I grew up in a town that not many people actually leave. High school graduates tend to go to college within three hours of home. I could never understand that. When I was looking for colleges, one of my requirements was a minimum of five hours away. For as long as I can remember, I had always dreamed of getting out. My plan was to come back home as little as possible.

Now that I have been at college for almost two years, that has changed.

This semester, I made plans to go to the Dominican Republic for spring break with my friends. Which in turn meant that I wouldn’t really be able to go home until Easter. It’s been about four months since I have been home.

I can’t believe I’m admitting this, but I may or may not be a little homesick. Okay, so in full honesty, at this point, it’s more like a lot homesick.

There I said it.

A good friend of mine referred to it as “small town syndrome.” I personally like that name a lot better.

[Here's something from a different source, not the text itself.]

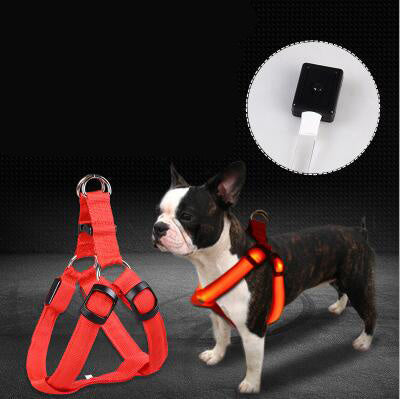 Pet Products LED Luminous Dog Chest Strap Large Dog Luminous Dog Leash - EL CHEG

It makes me feel a little bit better about myself.

The thing is, I tend to get super excited about going home, but it never ends up being what I expect. (And I don’t have any real expectations, other than getting my own room and, more importantly, my bathroom back.) I’ll go home for a couple days and it’s great, but once I’m home more than a few days, I’m ready to leave again. I didn’t understand why that was until recently.

I have lived in the same house my entire life. Growing up, I had a routine. Everything was pretty consistent for the most part. I had my comfort zone in my hometown. It was safe. It wasn’t always perfect by any means, but I at least generally knew what I was getting myself into at all times.

Being away at college is its own separate bubble. I feel like I’m in a separate reality from the rest of the world, where time has a completely different meaning. Everything is constantly changing around me, and it can be hard to keep up.

When I go home, I subconsciously expect everything to be how I left it. I forget that everyone else’s lives have kept going and changing, just like mine has. I forget that I’m not the same person I was when I left.

It’s awkward to fall back into life at home with my parents. It’s weird playing catch up with everyone, when I know I’m going to leave again soon. For someone who hates goodbyes, going back and forth between college and home sucks.

But getting to go home is one of the greatest experiences I have ever had. It’s an amazing feeling knowing that no matter how long I leave or how far I go, that I will always have a safe community to come back to.